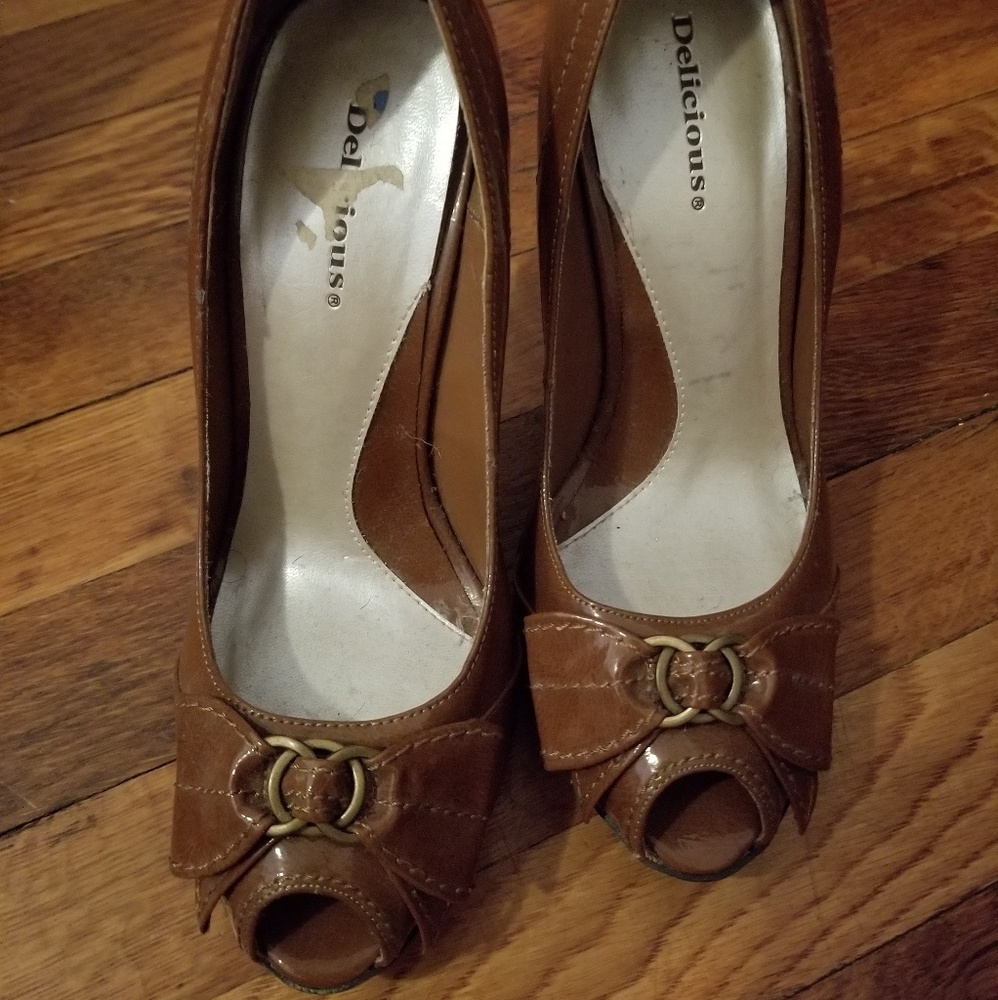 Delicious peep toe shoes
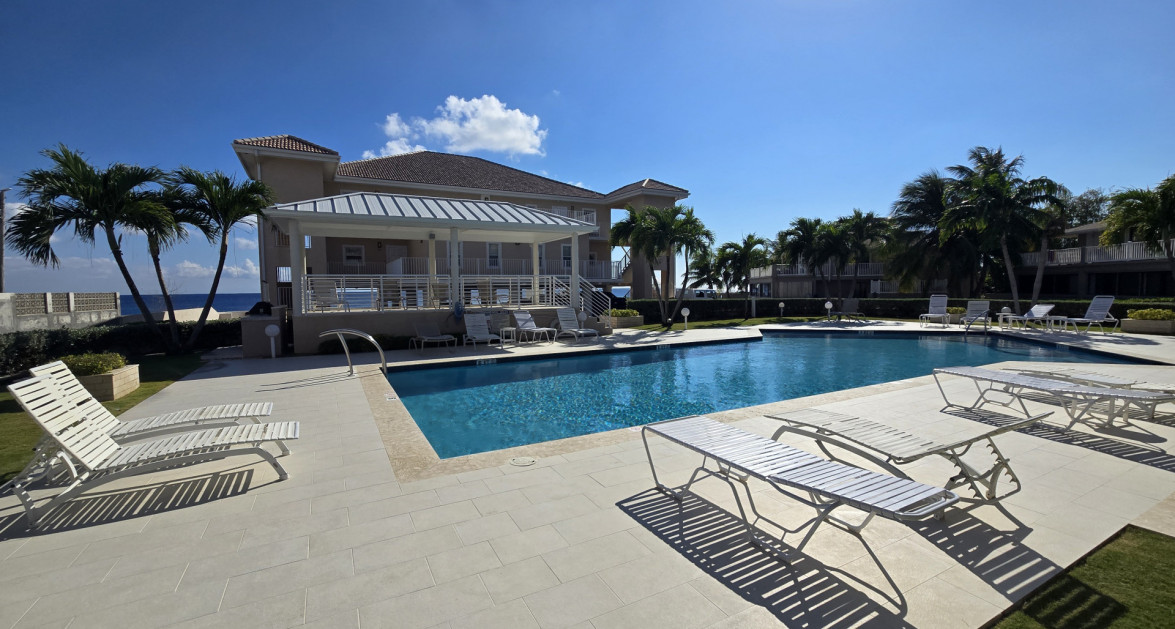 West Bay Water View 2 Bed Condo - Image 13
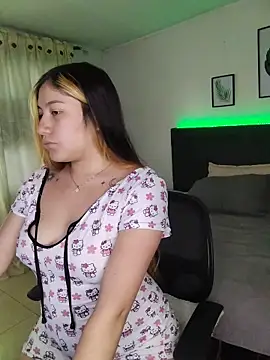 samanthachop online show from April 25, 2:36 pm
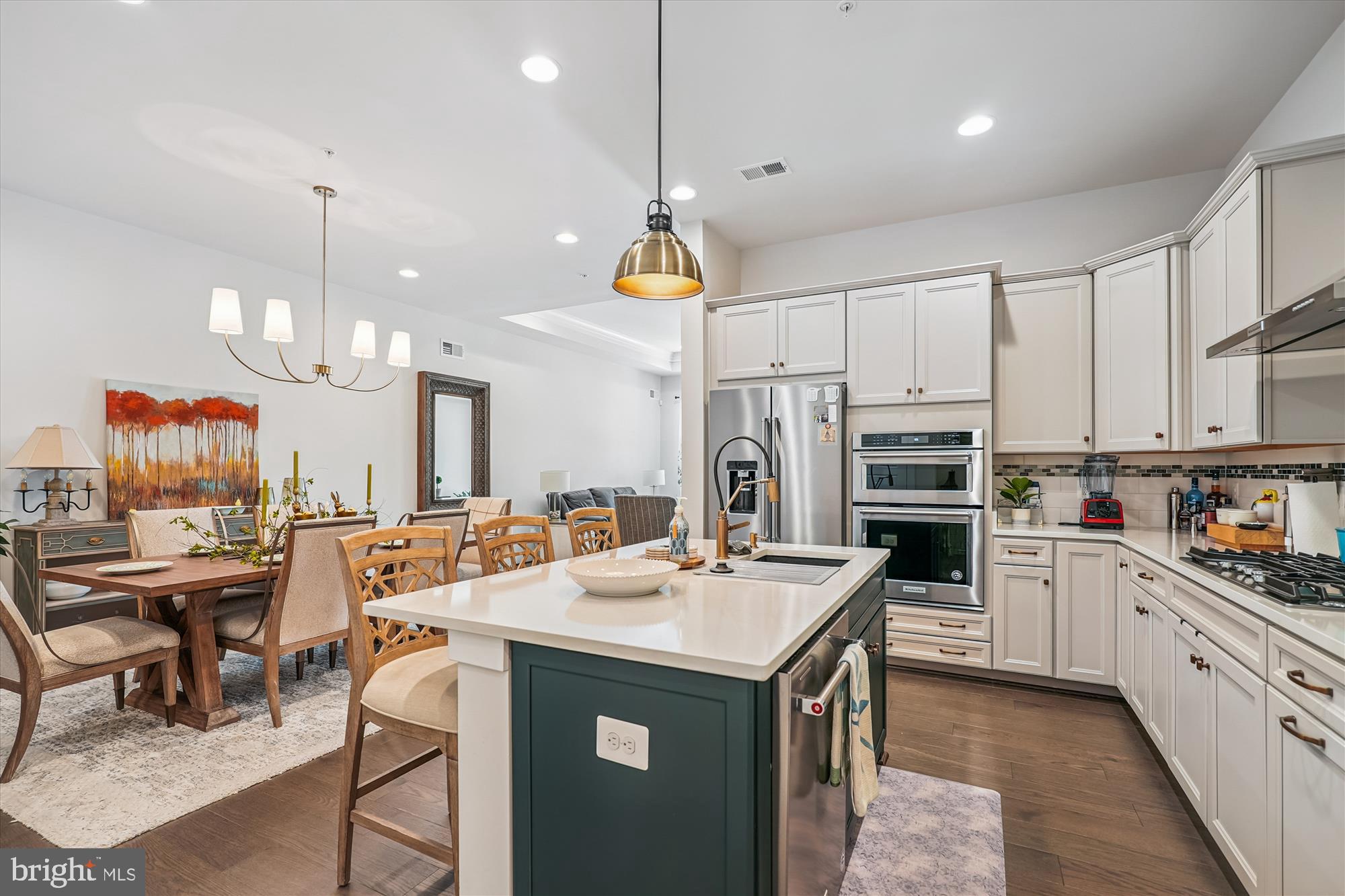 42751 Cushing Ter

===

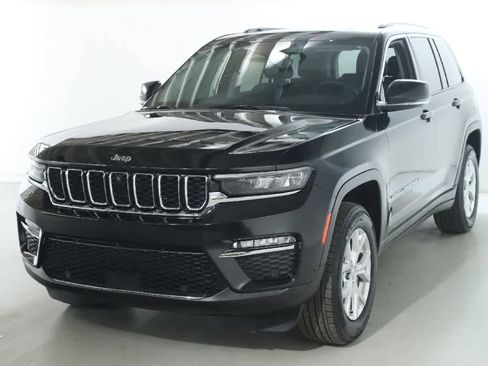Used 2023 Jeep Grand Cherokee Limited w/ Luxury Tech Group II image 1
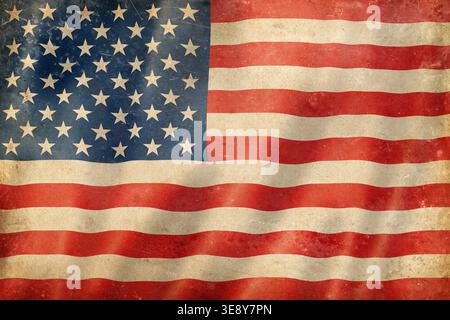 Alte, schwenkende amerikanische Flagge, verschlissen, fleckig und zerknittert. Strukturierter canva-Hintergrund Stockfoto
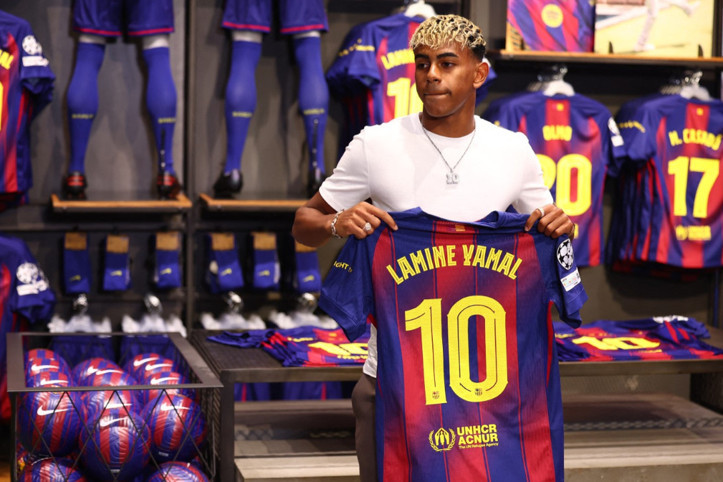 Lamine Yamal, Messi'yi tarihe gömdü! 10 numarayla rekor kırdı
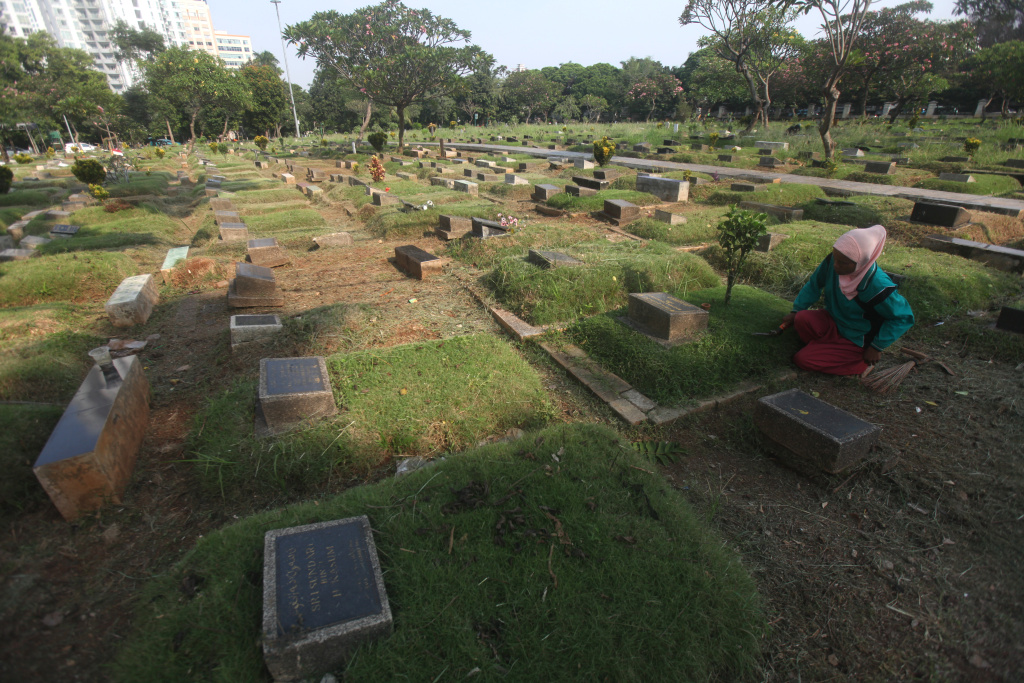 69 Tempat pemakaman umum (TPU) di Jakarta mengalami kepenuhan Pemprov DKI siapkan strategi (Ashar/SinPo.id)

===

■ **Exercise prompt**
In the data above, retype only the stretch from the line with "Delicious peep toe shoes" through the line with "42751 Cushing Ter", word for word, and skip any pictures.

■ **Exercise result**
 Delicious peep toe shoes
 West Bay Water View 2 Bed Condo - Image 13
 samanthachop online show from April 25, 2:36 pm
 42751 Cushing Ter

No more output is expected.